UConn’s pension predicament
It hurt to read that “UConn faces a $19.6M hole driven by pension costs: School to close deficits by reducing hiring, finding efficiencies” [Page A1, June 12].
This wonderful university and its students should not be penalized by a state that took its employees’ pension contributions from the 1930s to the 1970s and rolled this money into the general fund and spent it.
These contributions should have gone into a pension fund where investments would have grown and the state would have avoided the current financial crisis. This crisis can best be solved by raising state income taxes on those who can afford it. Some wealthy people have offered to pay more; now it is time for the middle class to step up and pay more, too. Please raise my taxes!
My UConn Ph.D. earned me the opportunity to do research in a Boston-area industrial laboratory. Years later I returned to UConn to teach and continue research. The state pension was an important factor in my accepting the UConn position.

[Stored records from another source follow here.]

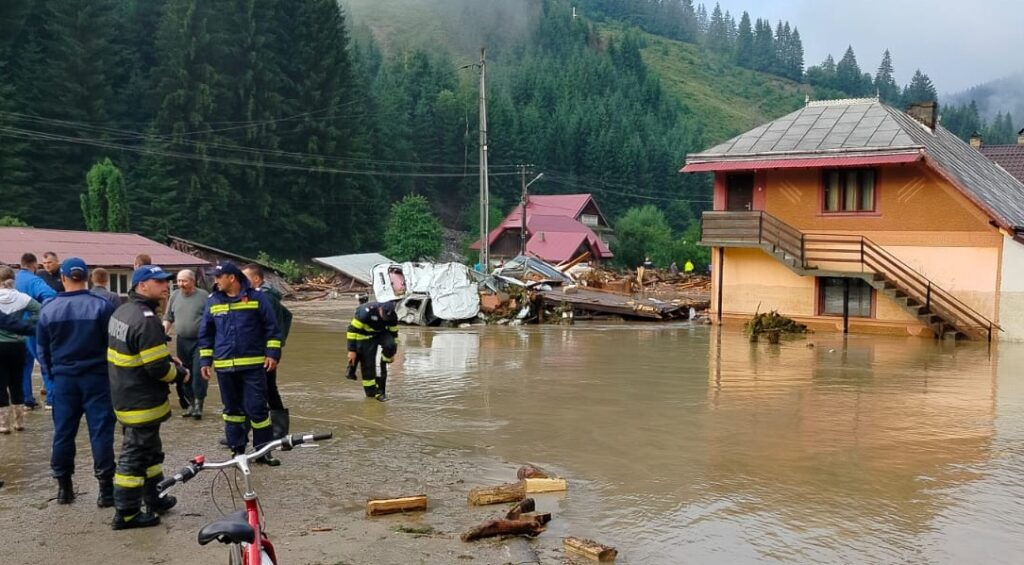 cod-galben-de-inundatii,-in-13-judete-|-22-de-ore-de-cosmar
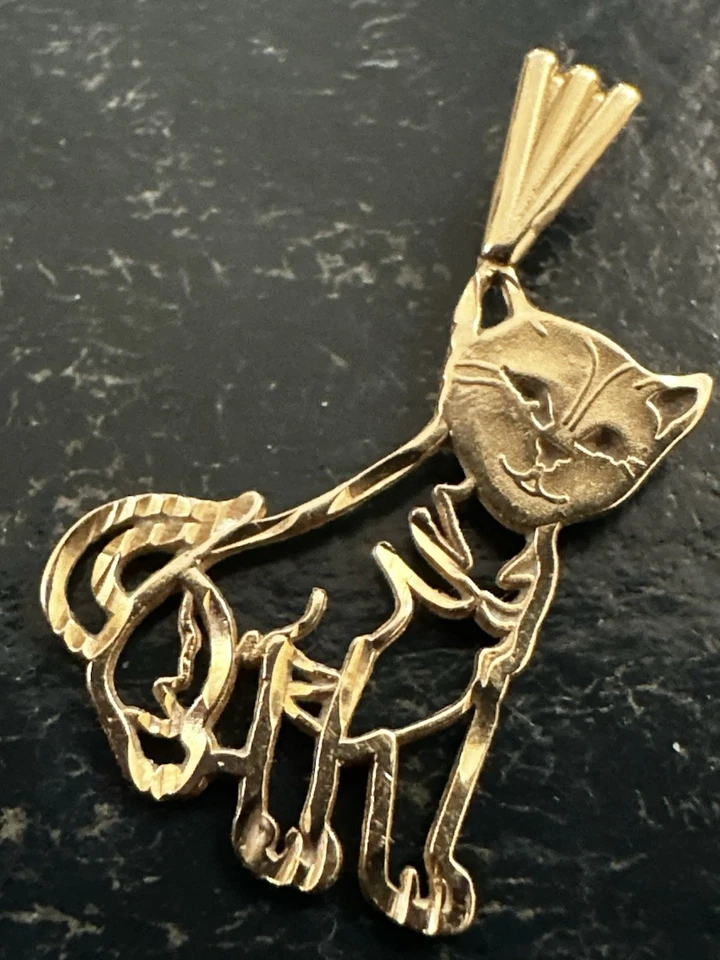Colgante vintage de oro amarillo de 14 quilates con dije de gato sentado - doble cara - 1,18 g, 2,6 cm Foto 2 de 4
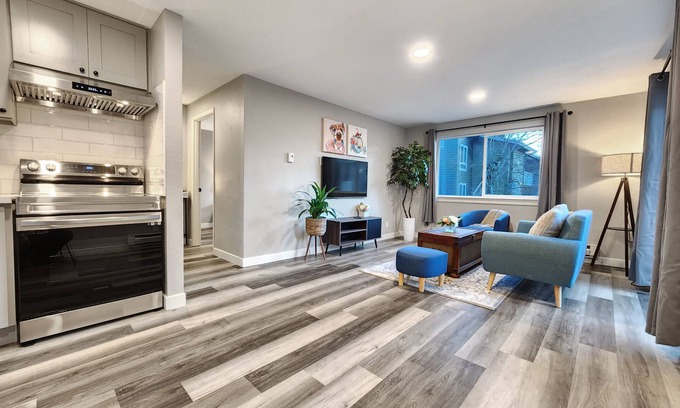 Federal Way Apartment | Cozy with luxury comfort and style 1bed/1bath apartment unit with EV charger.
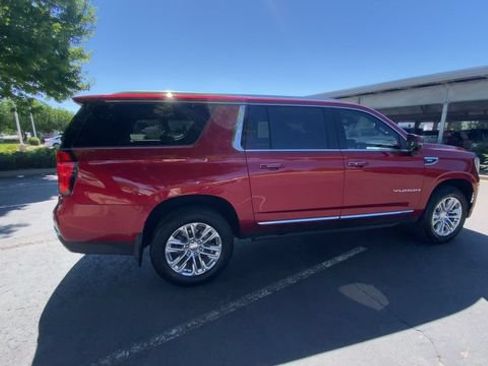 Used 2022 GMC Yukon XL SLT w/ SLT Premium Package AWD/4WD image 8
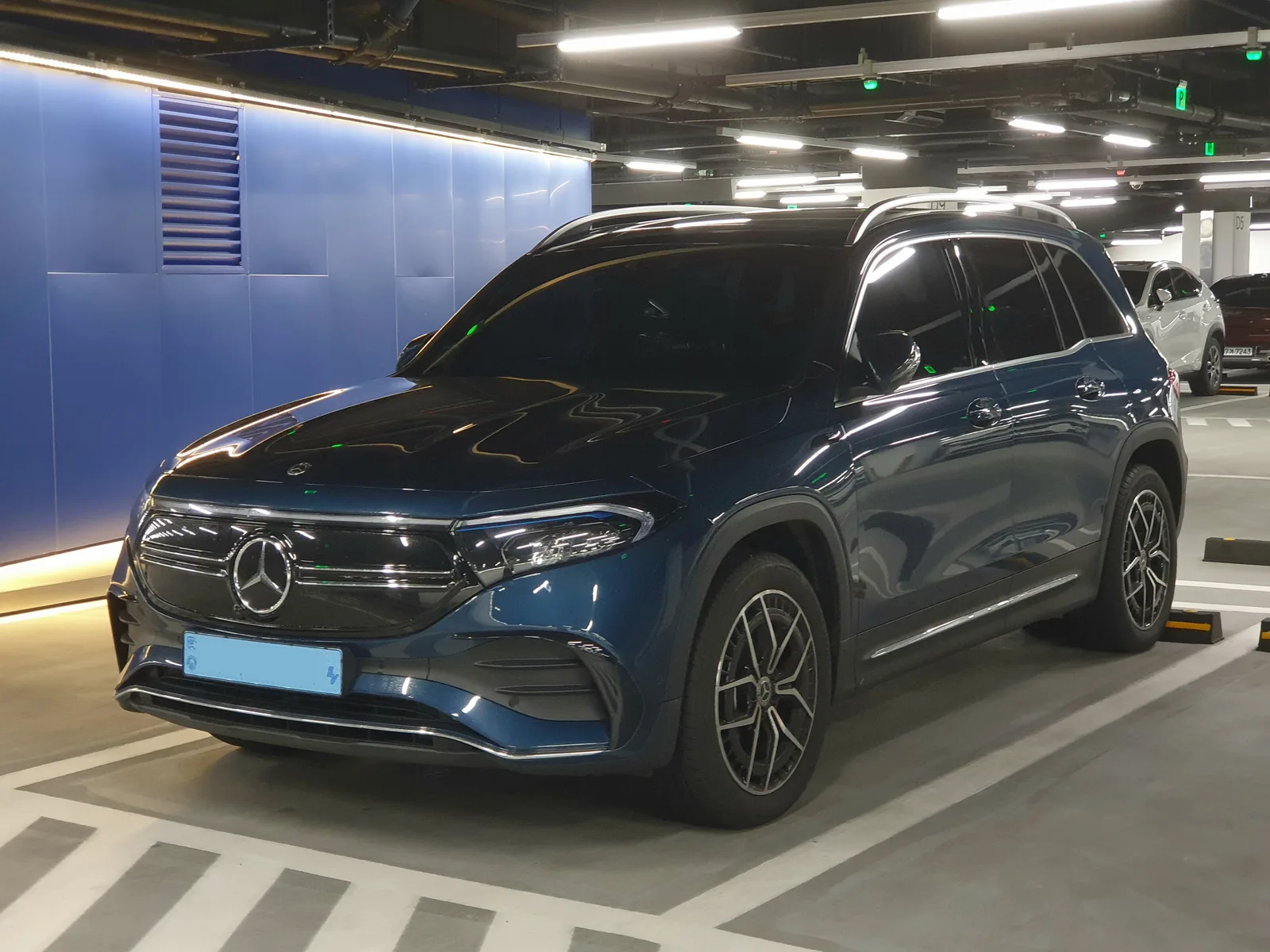 Mercedes-Benz EQB set forfra i studielys, den udgående model som den nye elektriske GLB afløser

Do I live well? Yes, but not nearly as well as my colleagues who remained in industry. I took a serious pay cut to come to UConn, and on retirement my final paycheck, corrected for 37 years of inflation, was less than I started with in industry.
I worked harder for UConn than I ever did in industry. While not the driving force for these efforts, knowing that my pension was there for me and my family helped to keep me at UConn.